CHANNELING MARK TWAIN

by Carol Muske-Dukes

Pub Date: July 10th, 2007
ISBN: 978-0-375-50927-8
Publisher: Random House

An elegant piece featuring a psychic descendant of Mark Twain.

Muske-Dukes draws on her own experience with the penal system (she founded a creative writing program—the very first for prisoners—on Riker’s Island) to fashion a novel rich in both ideas and prose. Holly Mattox is a young Midwesterner in New York, secretly married to K.B. (marriage seems so embarrassingly establishment in the early ’70s), and trying to prove herself as a poet, a teacher and a thoroughly independent woman. She has a mentor of sorts in Sam Glass, a young editor with connections to all that’s literary in the city (the identity of real writers are thinly, amusingly veiled) and quite a bit beyond.

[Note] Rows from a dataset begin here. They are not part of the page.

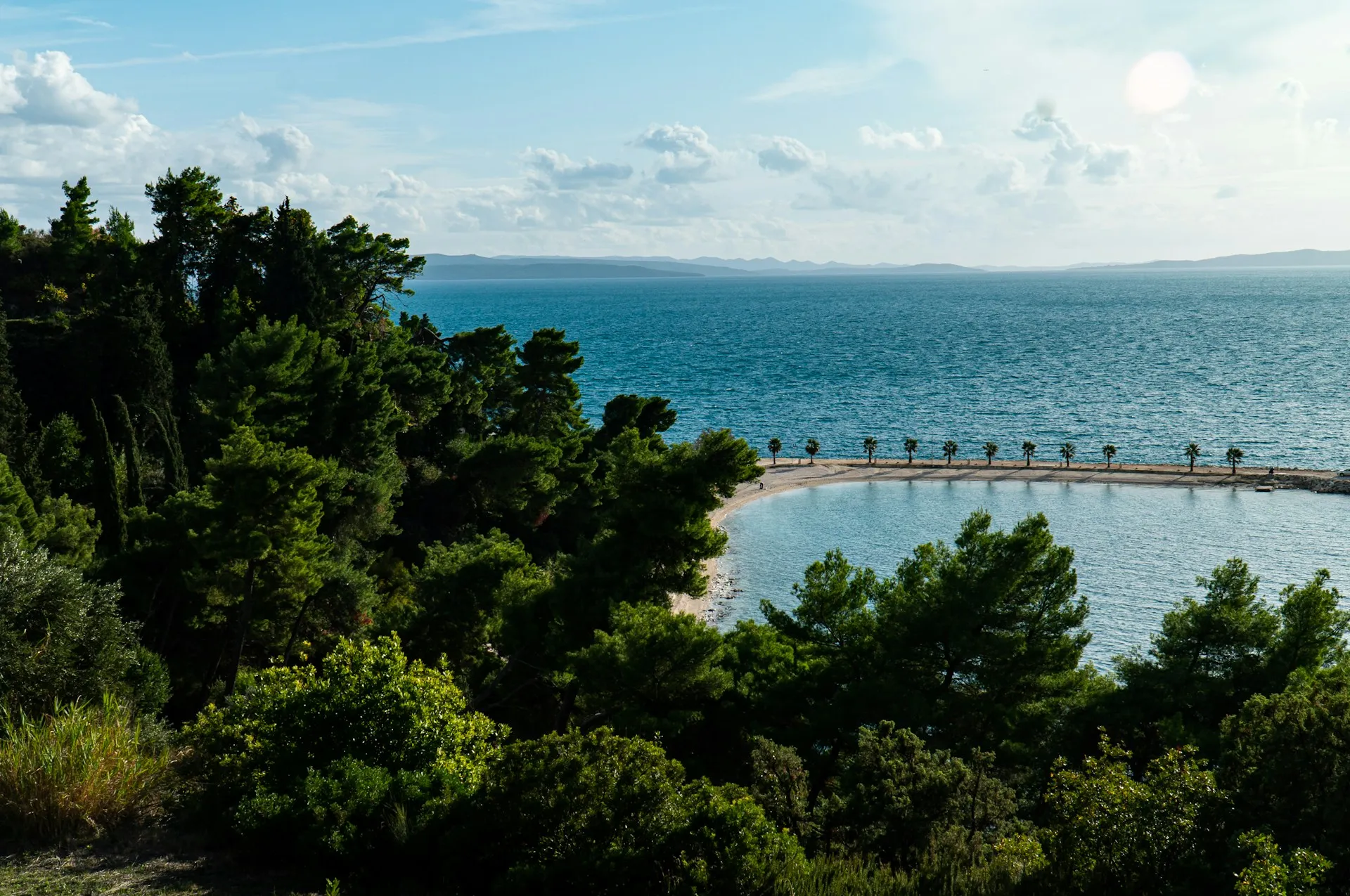 Scenic Croatian coastal road for private transfers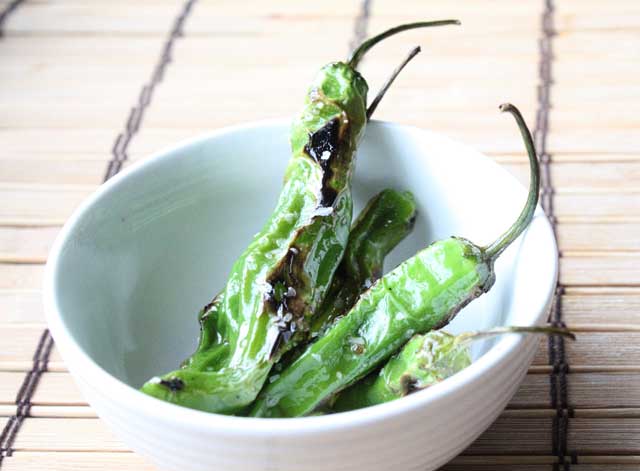 Roasted Shishito Peppers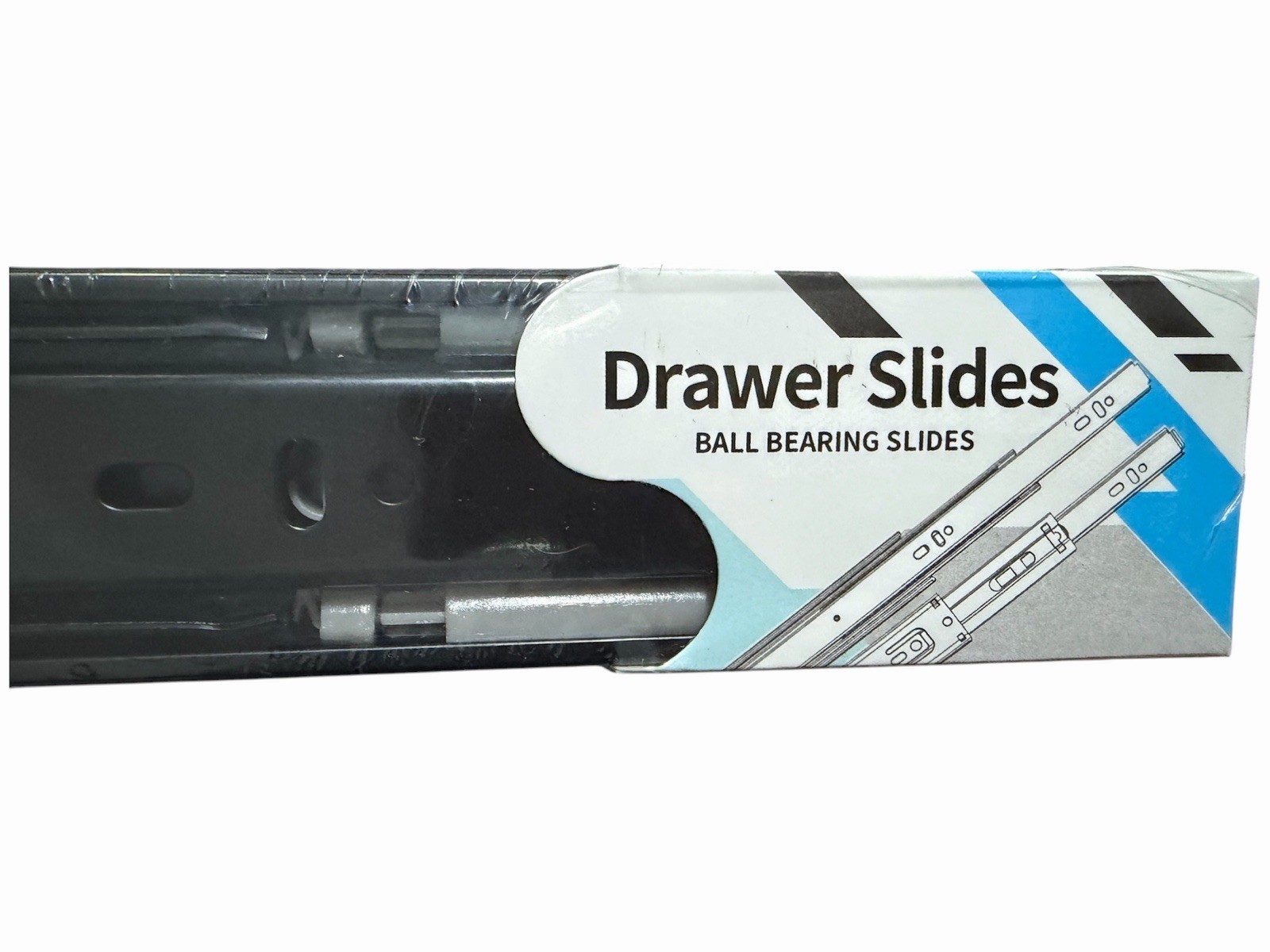 Drawer Slides Ball Bearing, 5 Pairs 99 Lb Push Open, 20 Inch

He invites her to important events, tries seducing her and gets her a job lecturing smug grad students at Columbia. But that world is a far cry from her volunteer work—teaching a poetry workshop at the Women’s House of Detention on Riker’s Island. Most of the women are in for prostitution, but a few are there on murder charges, including Akilah Malik, a notorious radical charged with killing a cop. And then there’s Polly Lyle Clement, seemingly charged with nothing more than mistakenly landing her raft on the island. They all produce fairly heartbreaking poetry—what you would expect from the defeated lives they describe, except for Polly, who claims to be the descendant of Mark Twain and is channeling his spirit in class. Polly indeed has a way with words and half convinces everyone that something vaguely supernatural is going on, as she seems to see the “truth” of everyone’s crimes. Holly becomes emotionally involved with the women, and when Akilah breaks out of prison, it becomes Holly’s mission to save Polly, now slowly dying in solitary, and suspected of arranging Akilah’s escape. Though well-plotted, Muske-Dukes triumph lies in building a discourse on the nature of language, of poetry, of its small successes and inevitable limitations in the midst of ruinous lives.

Lovely, original writing on the unlikely romance between prisoners and poetry.